The Western Governors' Association keeps you updated on news of the West. Here are the western stories for the week starting Oct. 22, 2018, that you don't want to miss. Image: Colorado Tourism Office

Residents of the Northern Mariana Islands may face months without electricity or running water in the wake of the Super Typhoon Yutu, which devastated the U.S. territory on Oct. 24, killing one person. The storm's strength is tied for fifth place all-time when it comes to the highest wind speeds of any storm on record at the time of striking land.

Gov. Ralph Torres announced that the President has approved the Governor's request for an emergency declaration, which authorizes the Federal Emergency Management Agency to provide appropriate assistance for required emergency measures. Find local reports from the Saipan Daily and Marianas Variety.

The latest news from the Northern Mariana Islands.

Shifting Economic Gears: Rural Coloradans are adapting to changing economies by moving away from traditional industries to revitalize their communities and provide in-demand jobs and services.

On the state’s Western Slope, Lightworks Fiber employs former coal workers in Delta County to lay fiber optic cable to expand broadband access across the region. So far, the company has retrained 80 former miners, and for the first time in years, the county’s population is remaining stable.     

Grand Junction is shaking off its reputation as a predominantly older community as millennials and outdoor recreation enthusiasts embrace it as an up-and-coming city.
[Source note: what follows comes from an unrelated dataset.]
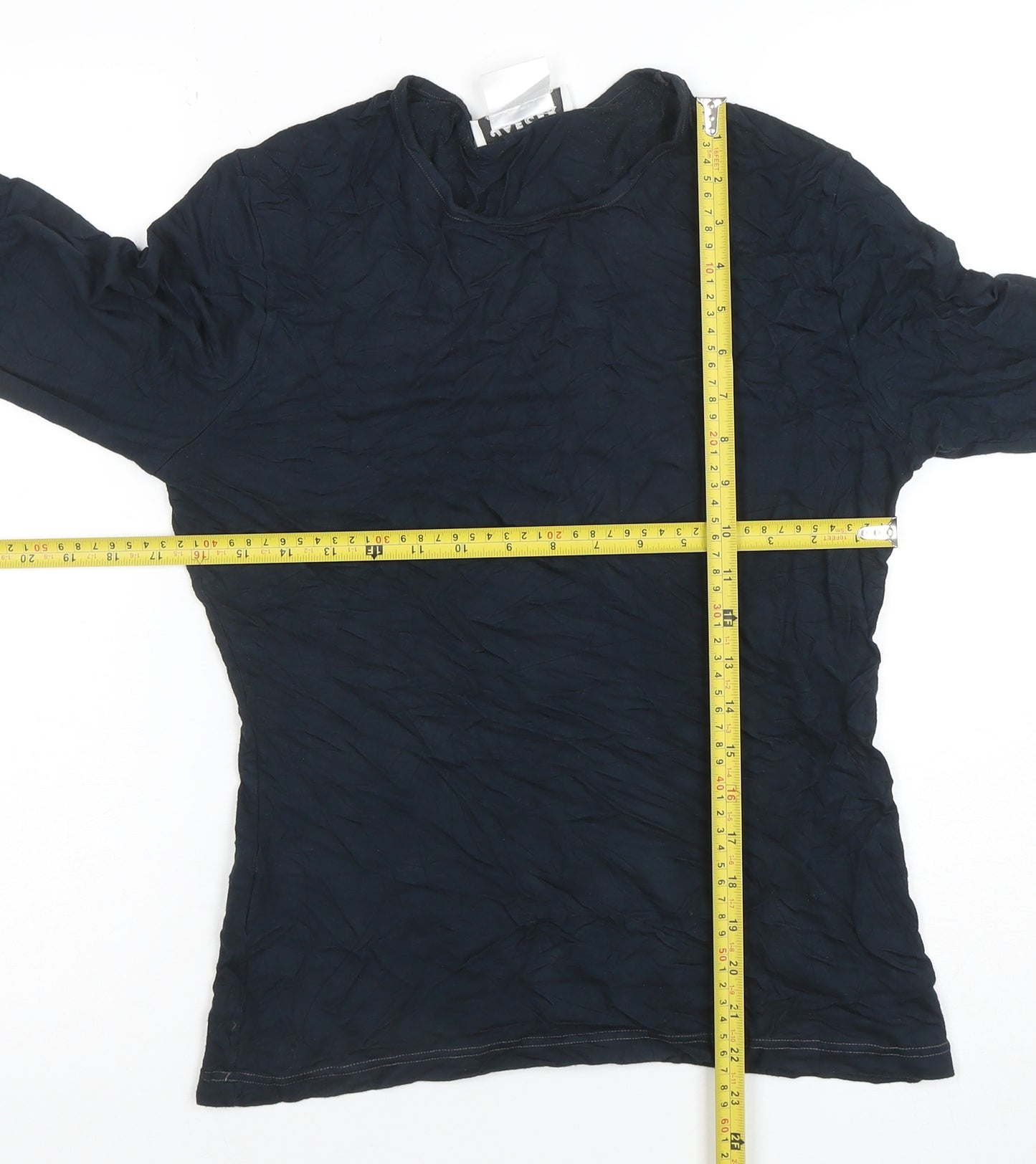 Jaeger Women Blue Modal Long Sleeve Slim Fit Jersey Top M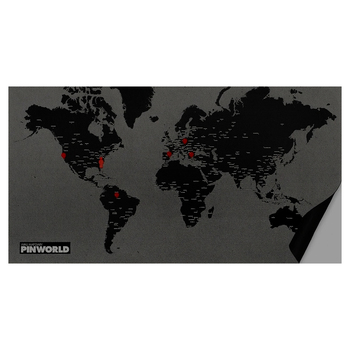 Palomar Pin World Felt Map Decor Black 3x100x80cm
Tech companies, startups, outdoor shops and tattoo parlors have popped up in recent years, and affordable home prices are drawing new residents.  

The recent designation of several Opportunity Zones in western Colorado, including portions of Delta County and Grand Junction, could continue to boost economic development and address workforce challenges in the region.

Shared Interests Protect Oregon Forest: Collaboration to prevent devastating wildfires in Oregon was the catalyst for “formerly adversarial” companies and forest management agencies to work together.  Lawsuits and other obstacles had contributed to dense wildfire fuel buildup in Malheur National Forest, but now companies are boosting their bottom lines by helping with firefighting, thinning and forest restoration. 

Vegetation Education: For decades, scientists have been studying an experimental forest in a designated section of Flathead National Forest in Montana. The plot is protected from thinning, prescribed burns and logging activities so researchers can study long-term data and inform future forest management decisions. Learn how this “larch lab” has impacted western forestry.   

The Race to Promontory: In 1869, the final spike was driven to complete the transcontinental railroad, connecting the Eastern and Western U.S. for the first time. Travel back in time with this interactive page by Union Pacific Railroad on "The Great Race" to complete the project, and learn about an exhibit in Omaha, Nebraska featuring unique photographs of the “visual splendor of the West.”  

Access Granted: An Idaho startup seeks to connect hunters, anglers and outdoor recreation users with private landowners, similar to the Airbnb model. The company, EntryG8, provides an opportunity for property owners to earn additional revenue, and outdoor enthusiasts to access private land.